Im Niger, dem viert-ärmsten Land der Welt, will die Bevölkerung der Gemeinde Abala Brunnen bauen. SWISSAID hilft ihnen seit kurzem dabei. „Am dringendsten benötigen wir Trinkwasser“, stellten die Einwohnerinnen und Einwohner vor einiger Zeit fest, als sie zusammen mit den lokalen Behörden den so genannten Entwicklungsplan erarbeiteten und dabei die wichtigsten Bedürfnisse festhielten. Heute müssen die Frauen und Kinder das Trinkwasser häufig kilometerweit in die Dörfer schleppen – anstatt die Felder zu bewirtschaften oder in der Schule das ABC zu pauken.

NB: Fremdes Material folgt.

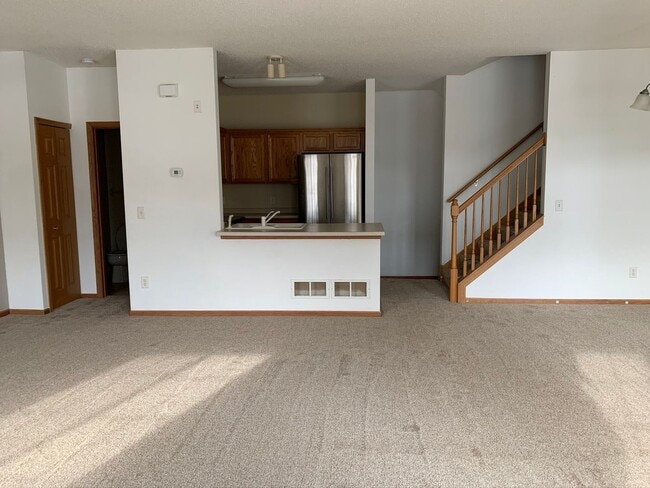 Building Photo - Bright & Spacious 2BR/1.5BA Townhome in Co...
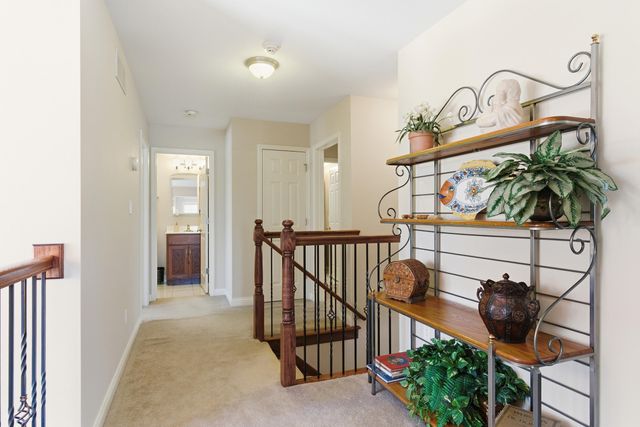 9560 Calumet Avenue, St. John, IN 46373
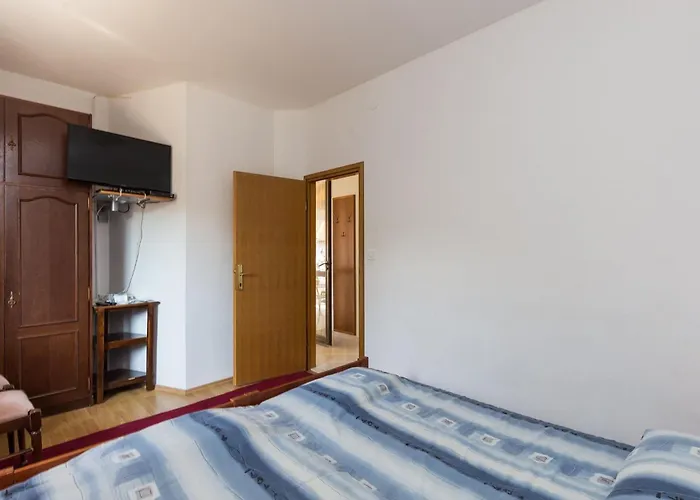 Kisic - Two-bedroom With Terrace Prizemlje * Mlini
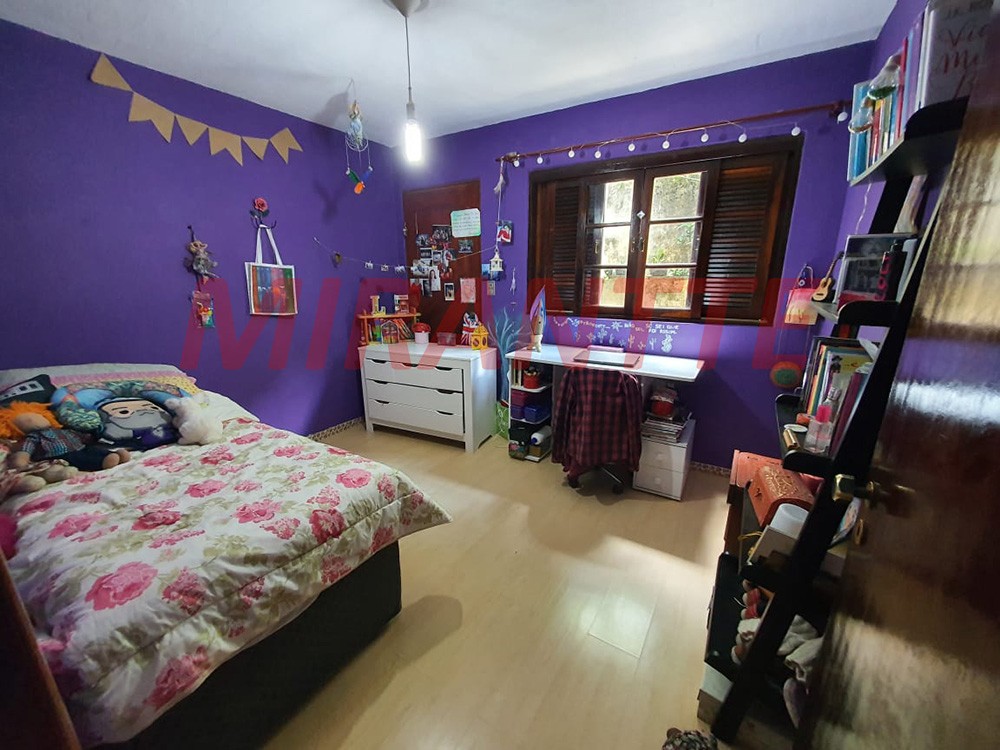 Sobrado de 230m² com 4 quartos em Serra Da Cantareira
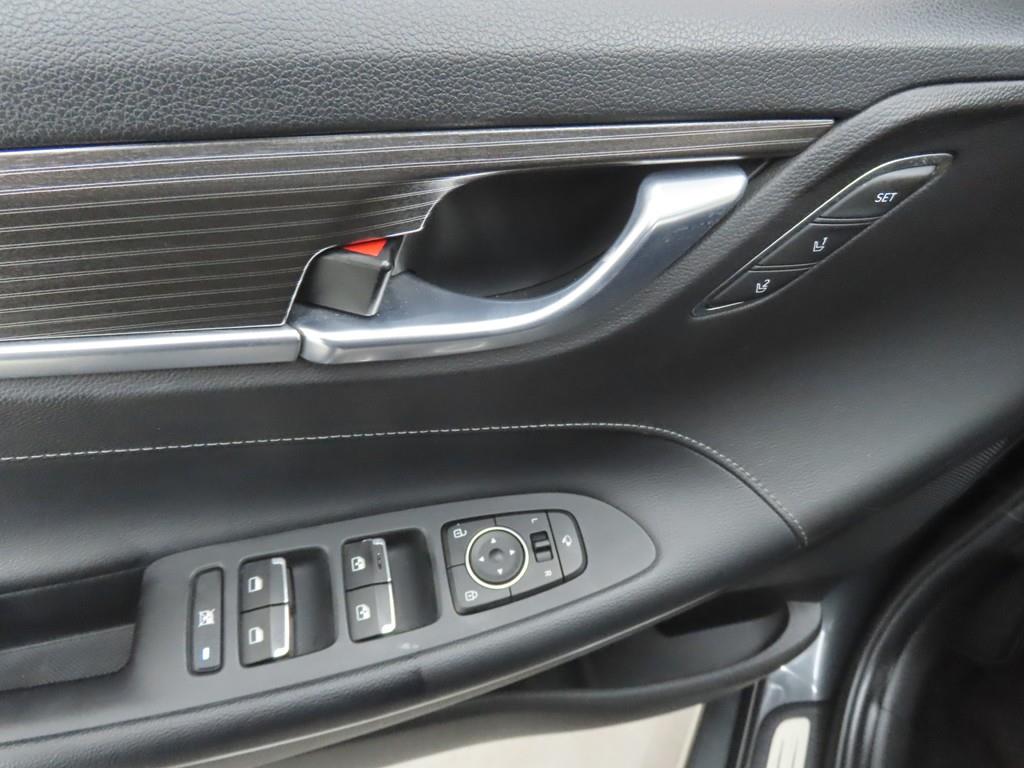 HYUNDAI Grandeur - Vista 9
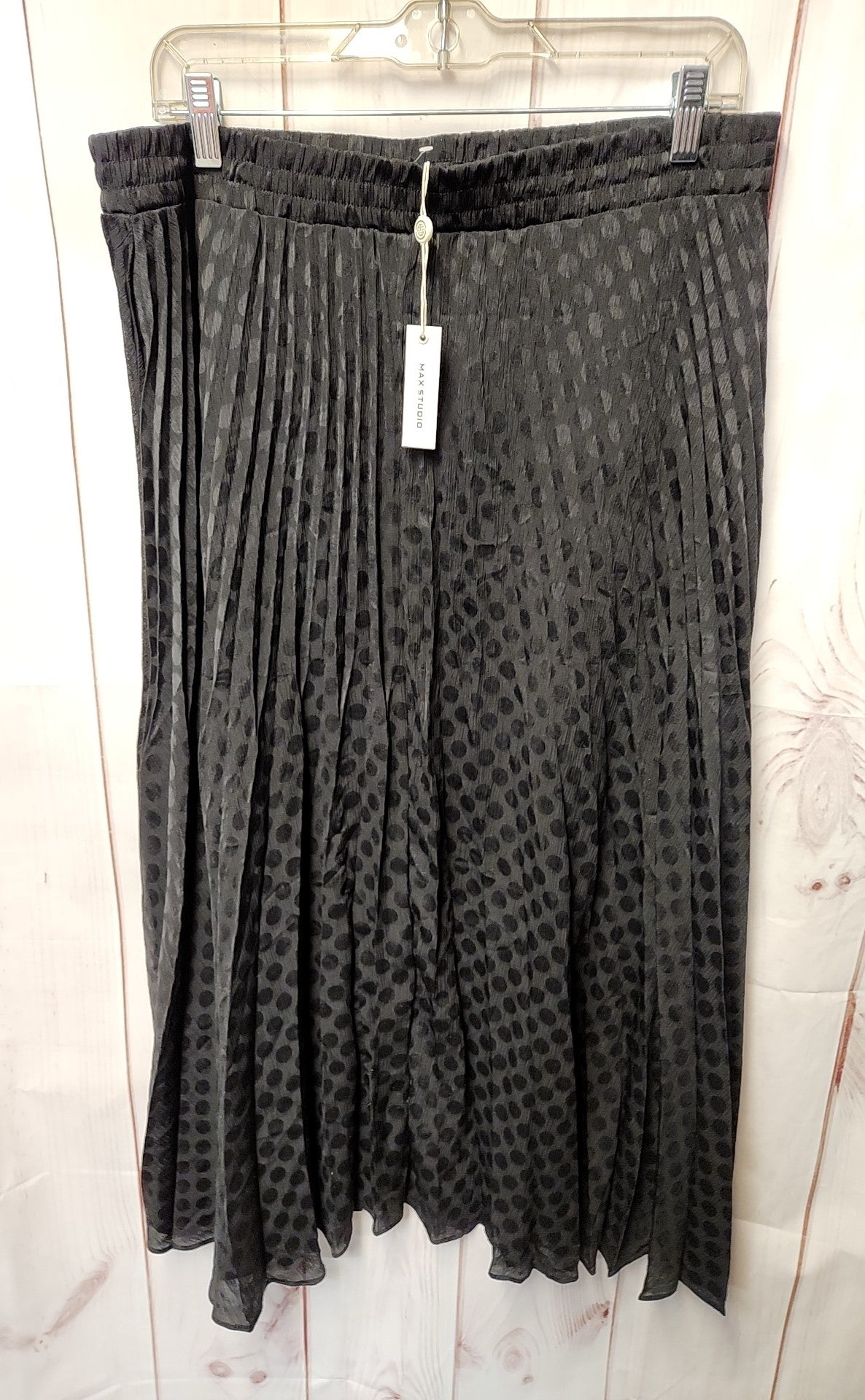 NWT Max Studio Women's Size XL Black Skirt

„Endlich geht es mit dem Trinkwasser vorwärts. Wir warten schon so lange. Darum helfen auch alle Bewohner mit so gut sie können“, erklärt einer der Dorfchefs von Abala.
Die bestehenden Brunnen reichen nur für die Hälfte der Bevölkerung und deren Vieh aus – die Lebensgrundlage der Menschen in der Region. Zudem ist der Zugang zu Wasser für die sesshafte Bevölkerung und die Nomaden sehr unterschiedlich, was zu Konflikten zwischen den Bevölkerungsgruppen führt. Während der Regenzeit sind viele Menschen gezwungen, das Wasser aus den Pfützen zu trinken. Das kostbare Nass ist zudem nicht immer von bester Qualität, im Gegenteil. Die Menschen leiden unter Durchfall, Cholera und Bilharziose. Ohne ausreichend Wasser ist es den Bäuerinnen zudem nicht möglich, einen Gemüsegarten zu bestellen.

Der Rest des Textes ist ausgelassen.